◆ Exercise aim: Give the data again exactly, without images.

◆ Recorded data:
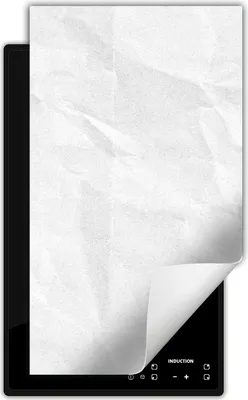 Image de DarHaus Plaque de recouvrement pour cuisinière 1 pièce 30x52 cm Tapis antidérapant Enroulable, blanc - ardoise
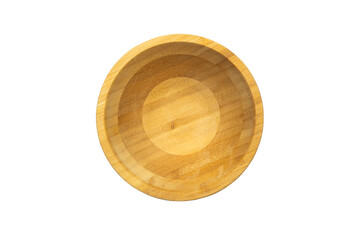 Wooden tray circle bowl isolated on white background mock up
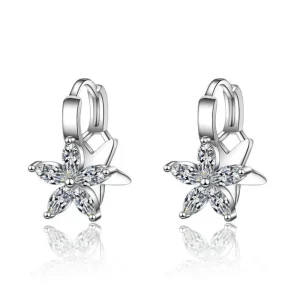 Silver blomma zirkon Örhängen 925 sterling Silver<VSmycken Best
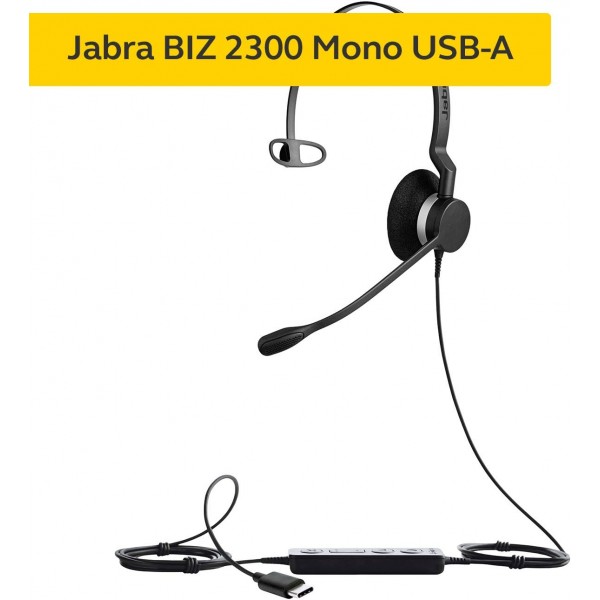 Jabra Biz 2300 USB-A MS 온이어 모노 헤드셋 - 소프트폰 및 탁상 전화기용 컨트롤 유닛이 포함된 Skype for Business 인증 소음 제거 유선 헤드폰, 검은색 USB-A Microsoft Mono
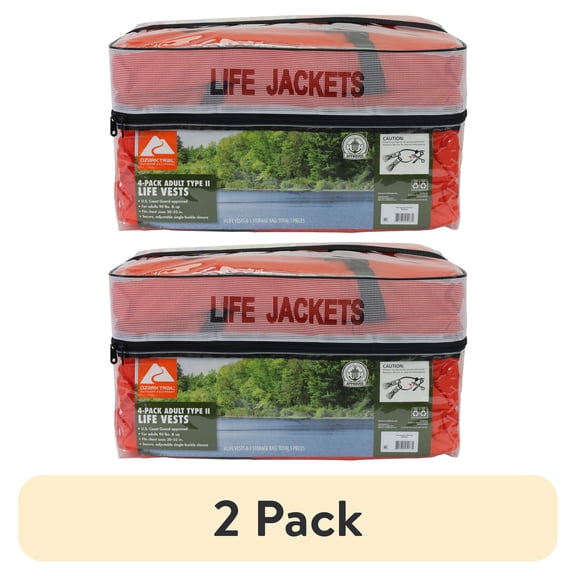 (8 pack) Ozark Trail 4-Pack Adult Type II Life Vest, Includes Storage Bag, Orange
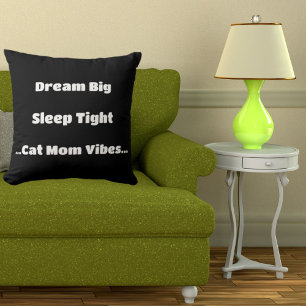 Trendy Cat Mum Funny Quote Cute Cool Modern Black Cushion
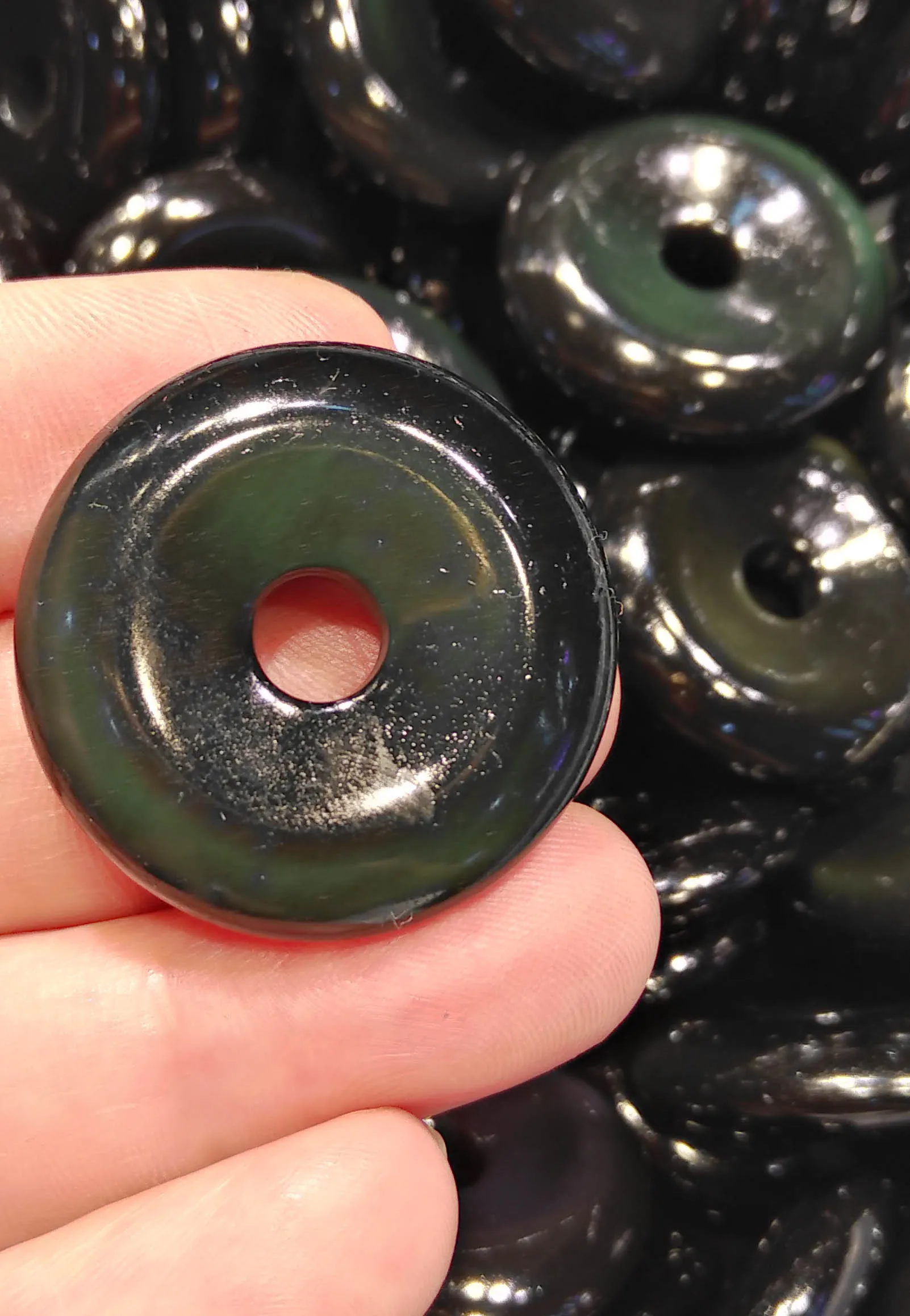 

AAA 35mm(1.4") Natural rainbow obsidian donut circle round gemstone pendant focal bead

◆ Response area:
 Image de DarHaus Plaque de recouvrement pour cuisinière 1 pièce 30x52 cm Tapis antidérapant Enroulable, blanc - ardoise
 Wooden tray circle bowl isolated on white background mock up
 Silver blomma zirkon Örhängen 925 sterling Silver<VSmycken Best
 Jabra Biz 2300 USB-A MS 온이어 모노 헤드셋 - 소프트폰 및 탁상 전화기용 컨트롤 유닛이 포함된 Skype for Business 인증 소음 제거 유선 헤드폰, 검은색 USB-A Microsoft Mono
 (8 pack) Ozark Trail 4-Pack Adult Type II Life Vest, Includes Storage Bag, Orange
 Trendy Cat Mum Funny Quote Cute Cool Modern Black Cushion

AAA 35mm(1.4") Natural rainbow obsidian donut circle round gemstone pendant focal bead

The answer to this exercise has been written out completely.